Below the script we built above is opened in Scripting Mode. You now have all the 1300+ commands to use.
If you decide to go into Scripting Mode, be sure to check out the
Logon Script Examples
page for practical copy/pasteable snippets.
Recommended Group policy settings
As part of the Logon Script wizard to set up the logon script, a custom ADMX file was put on the computer that executed the wizard.
If this computer is a domain controller, where you edit your Group Policy settings, you will automatically have the "FastTrack Logon" item in the
Group Policy Management Editor, as shown below. If it does not appear automatically, follow the procedure under screenshot. You can get to this screen
again either by walking through the logon script wizard, or in logon script edit mode, click the left "GPO settings" menu. Once you have the "FastTrack Logon"

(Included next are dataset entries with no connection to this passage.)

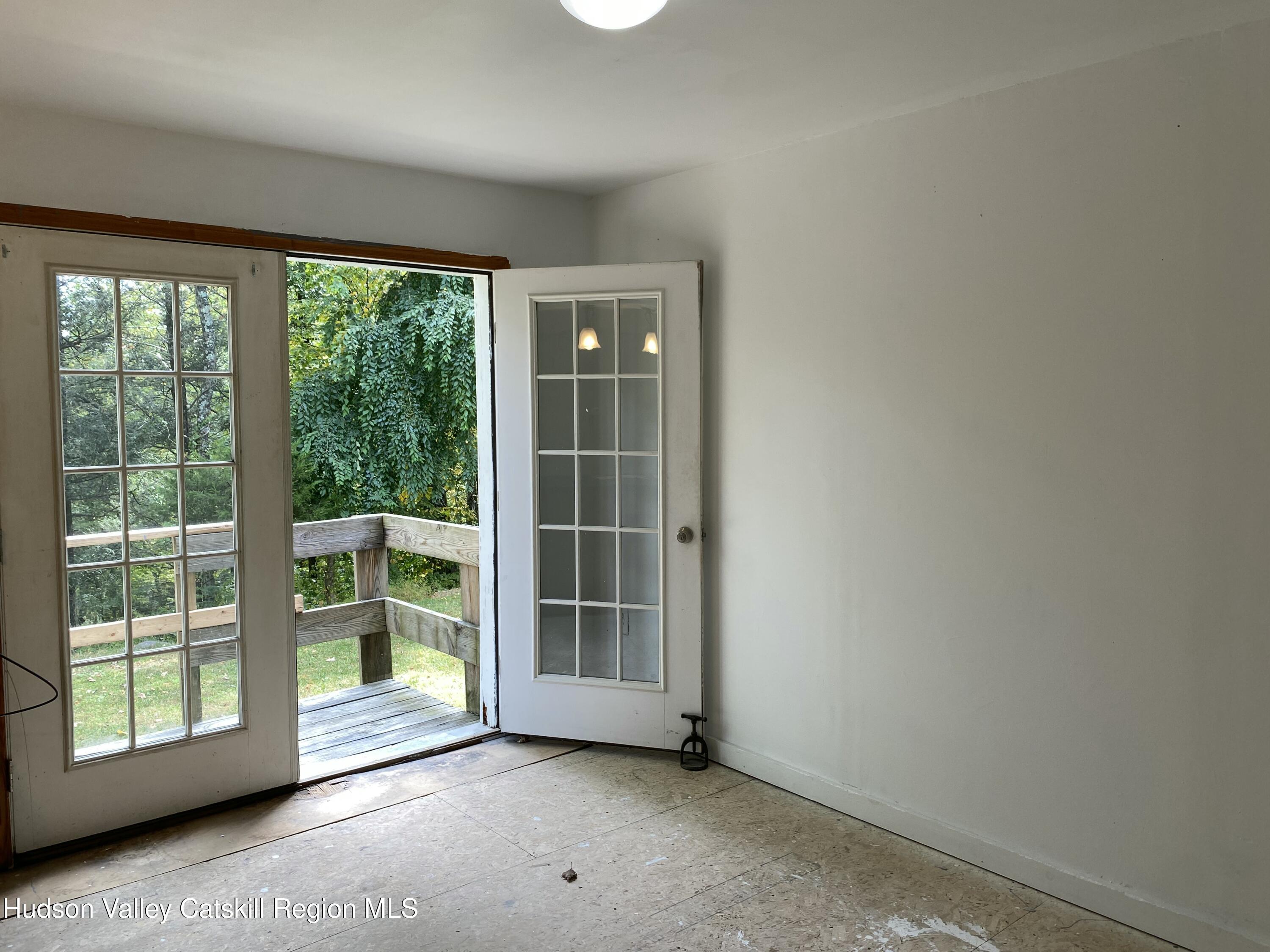 83 Buffalo Road Saugerties, NY 12477 - Photo 5 of 54 an empty room with windows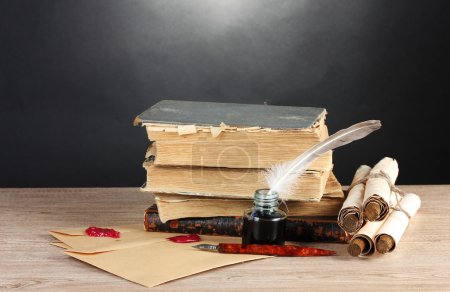 Livres anciens, rouleaux, plume et encrier sur table en bois sur fond gris 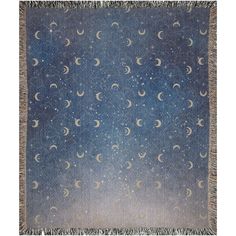 a blue and white blanket with stars and crescents in the night sky on it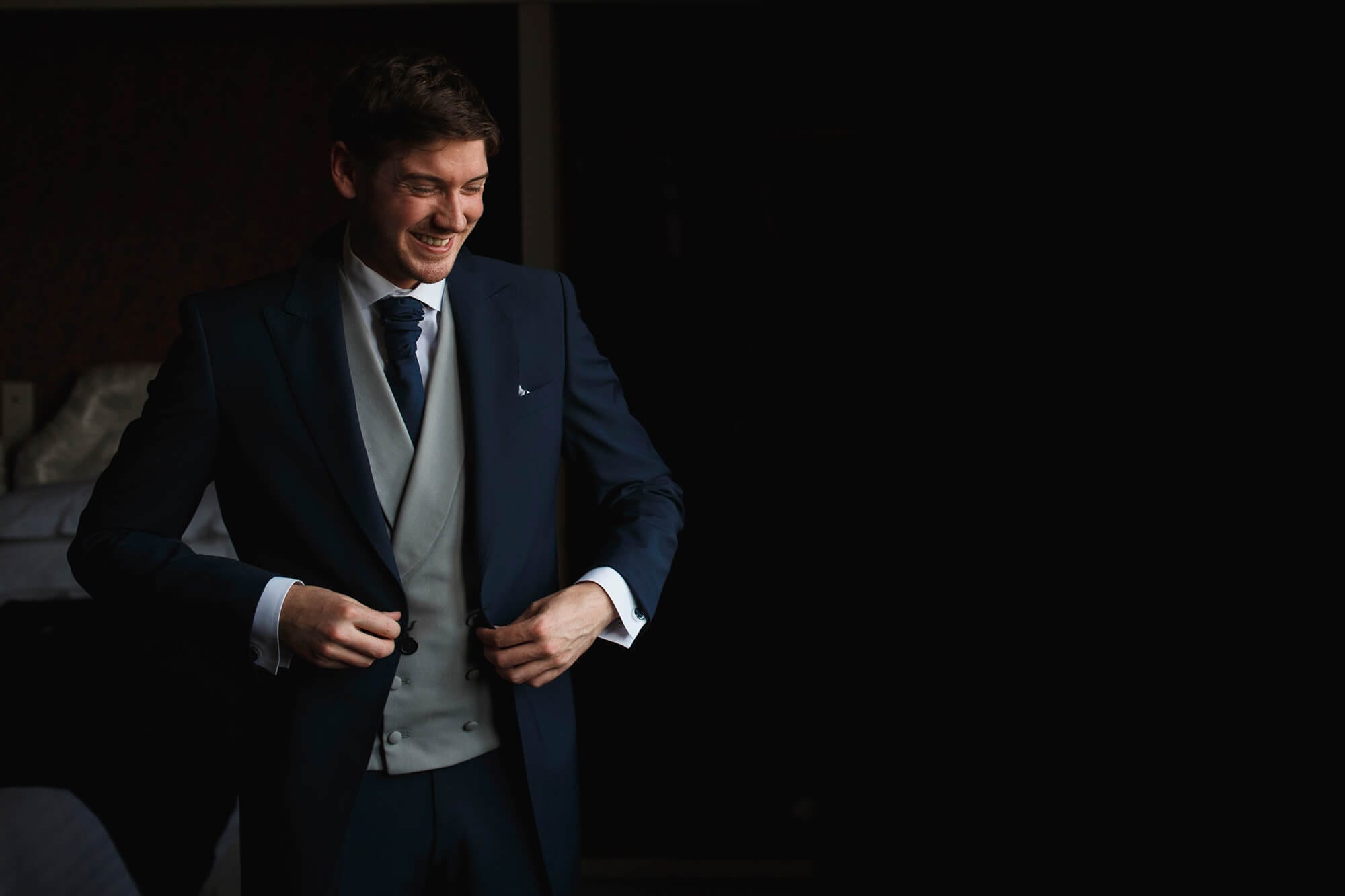 Groom getting ready putting blazer on wedding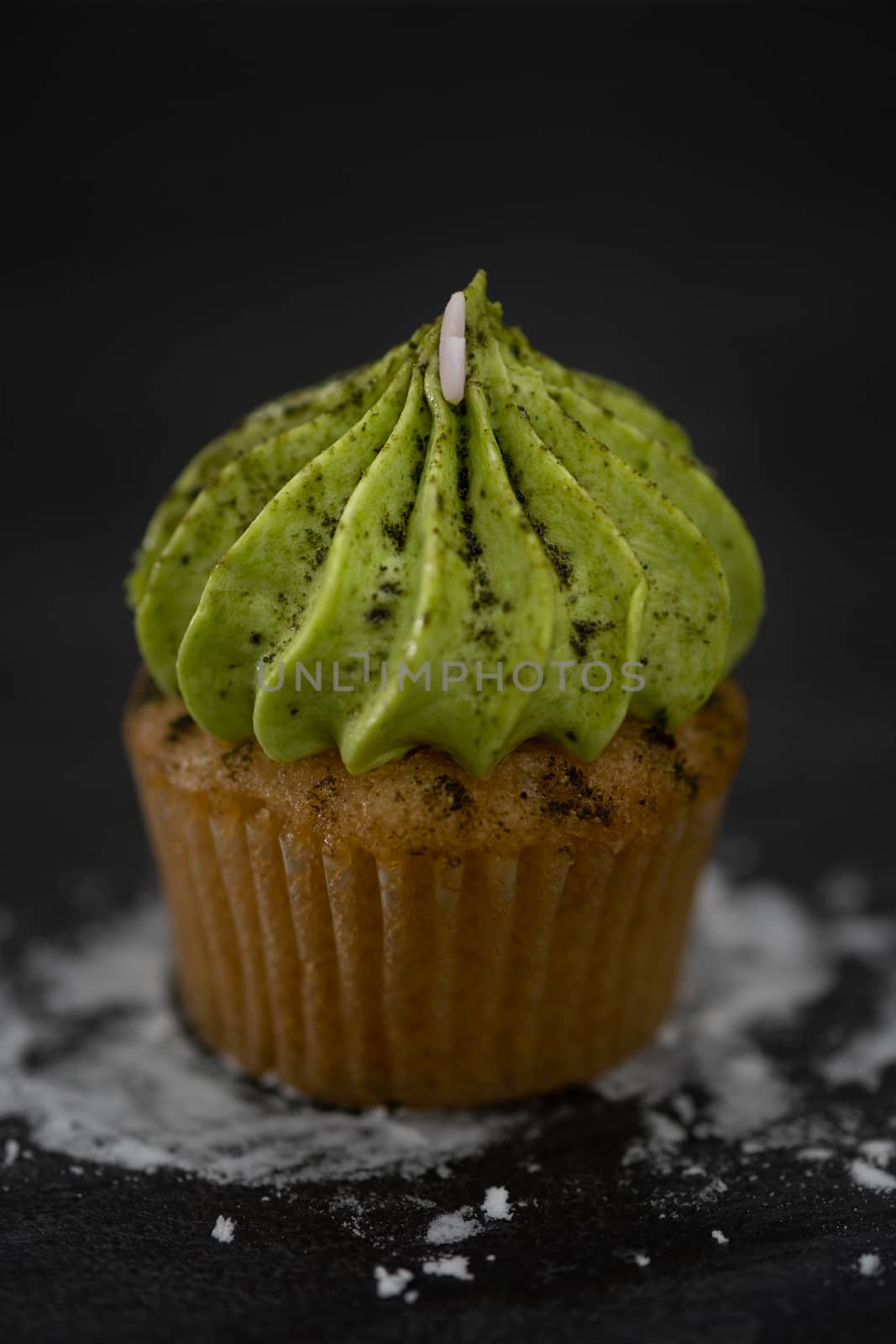 Tasty mini cupcakes on a vintage background, sweet dessert for christmas, new year and valentine holliday.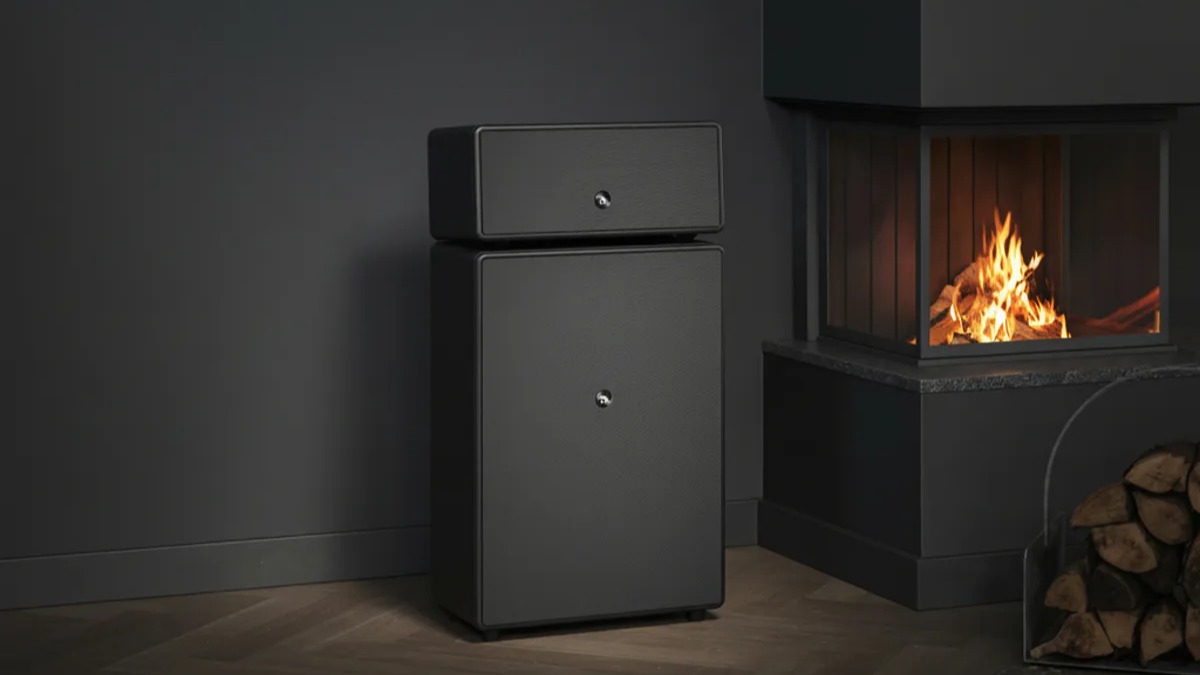 Audio Pro Drumfire II W wireless speaker in black next to a fireplace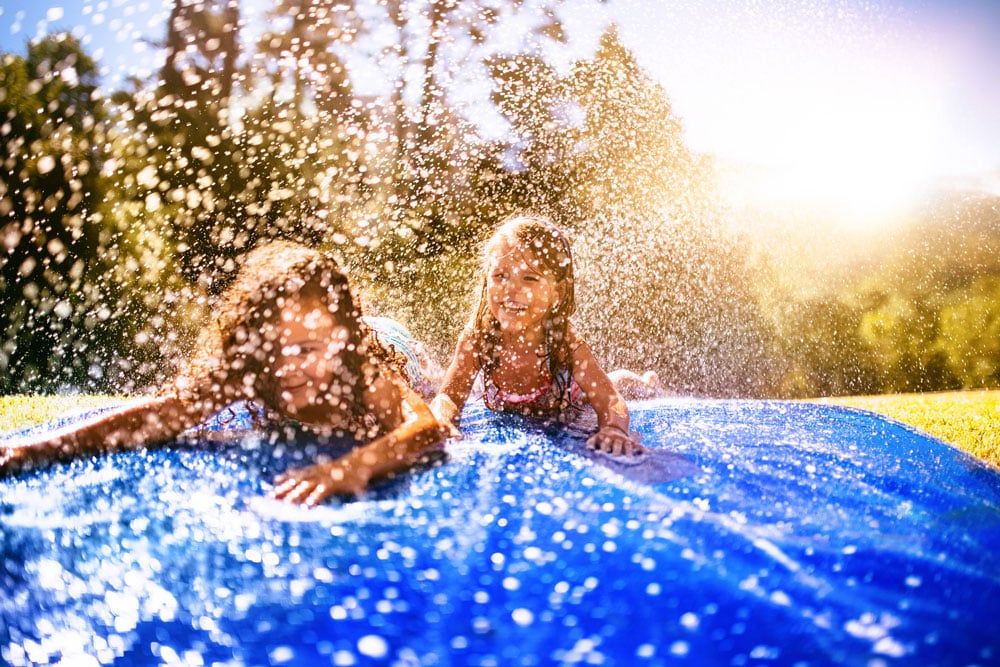 Kids on a slip and slide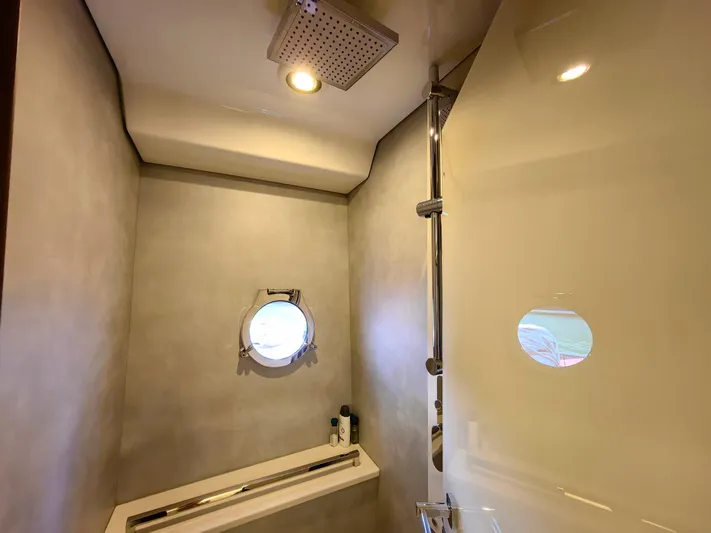 Yacht Photos Pics Modern bathroom with porthole window in 2021 Monte Carlo MC6 yacht.
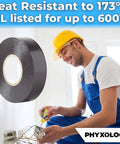 Black electrical tape roll (PHYXOLOGY) with paper core; worker in yellow hard hat and blue coveralls in background.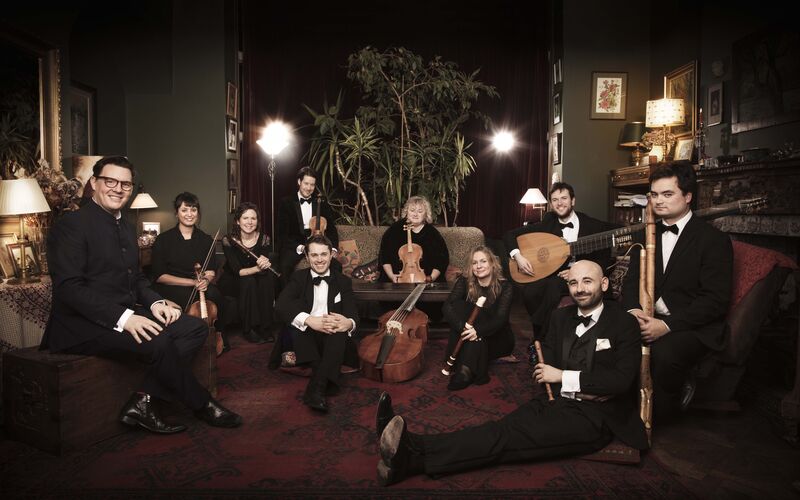 La Nuova Musica sitting around a room on chairs and the floor, holding their instruments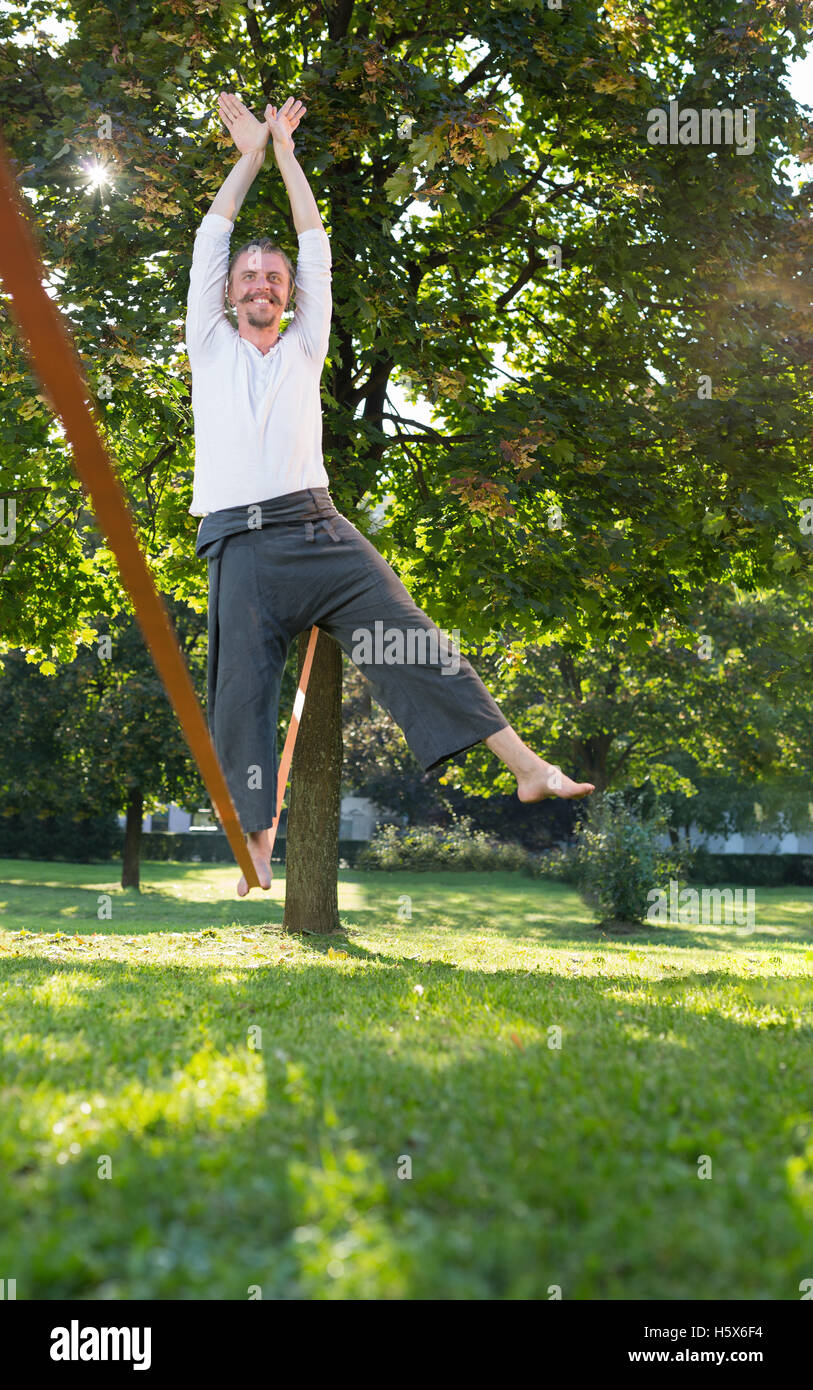 Portrait of handsome young man walking on slackline in the park Stock
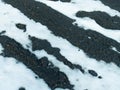 A thawed patch in the snow with black ground spring scenery Royalty Free Stock Photo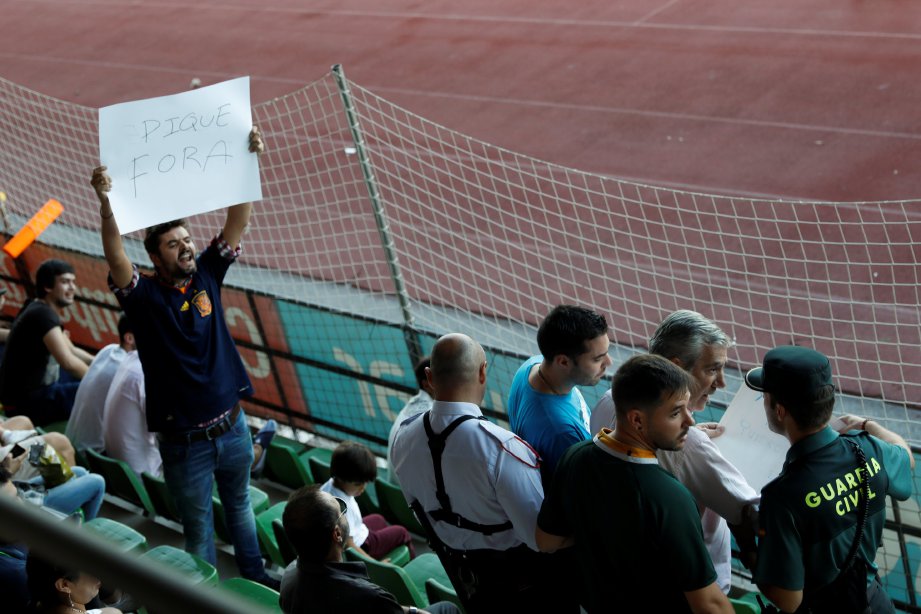 SEORANG penyokong Sepanyol menunjukkan sepanduk ‘Keluar Pique’. FOTO/REUTERS 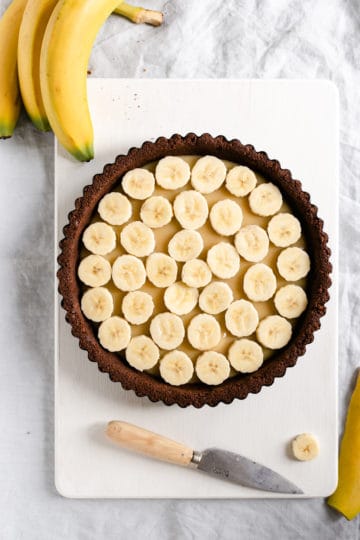 overhead shot of chocolate coconut banoffee pie without whipped cream on top, showing the banana layer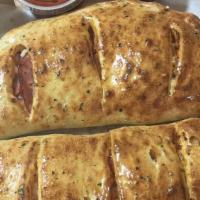 Meat Feast Calzone · Red sauce, Canadian bacon, pepperoni, Sweet Italian sausage, meatballs, salami, ricotta and ...
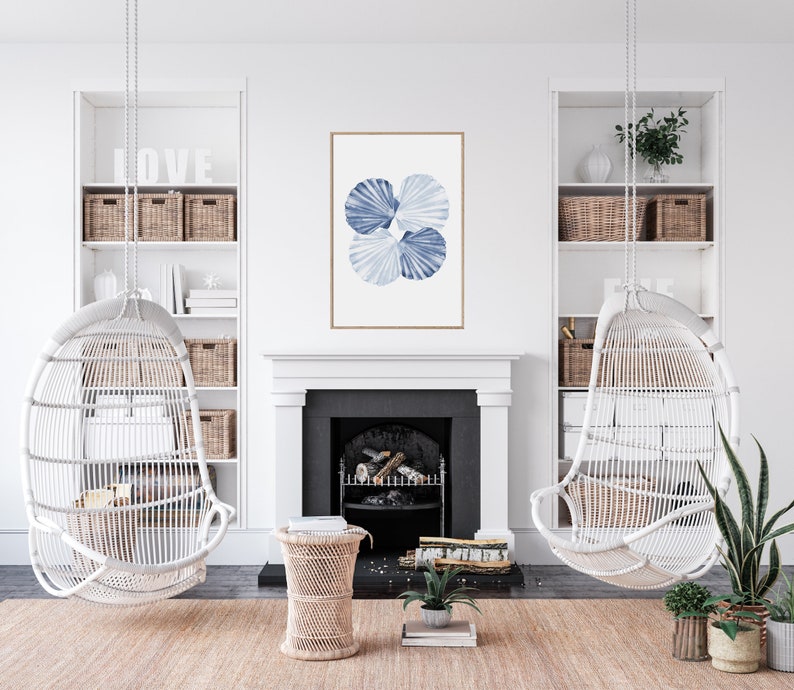 Puede incluir: Una silla colgante de mimbre blanco con una impresi&oacute;n de acuarela azul y blanca de conchas marinas colgando sobre ella. La silla est&aacute; en una sala de estar con una chimenea y una mesa auxiliar de madera.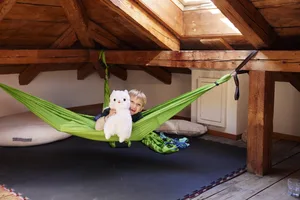 26-07-9-questions-about-happiness-Swiss-Parents’ Magazine-ed Questions about happiness: A boy in a green hammock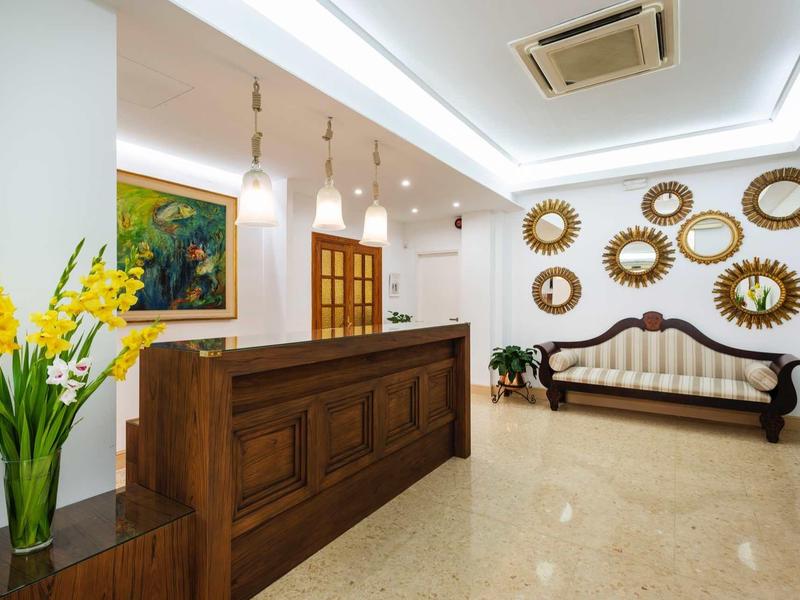 Lichte hotel lobby met houten balie, antieke bank en bloemstuk.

configuration in place, simply enable all these 4 settings. You can either enable the settings per user or per machine.
If you have concerns about using a custom ADMX file, go to this page
for an alternative.
Assigning a logon script through group policies
The logon script can be assigned with Group Polices as follows:
- Run the command gpmc.msc on your domain controller.
- Find and open your user's OU (Organizational Unit) and create a new policy (or use an existing one).
- Open User Configuration->Policies->Windows Settings->Scripts (Logon/Logoff). Double click "Logon".
- Click the add button and select the file \\%USERDOMAIN%\NETLOGON\FTLogon.exe as logon script name. You can optionally change
%USERDOMAIN% to the actual dns name of your domain. If FTLogon.exe was not put in the root of the netlogon share, the subpath must be added.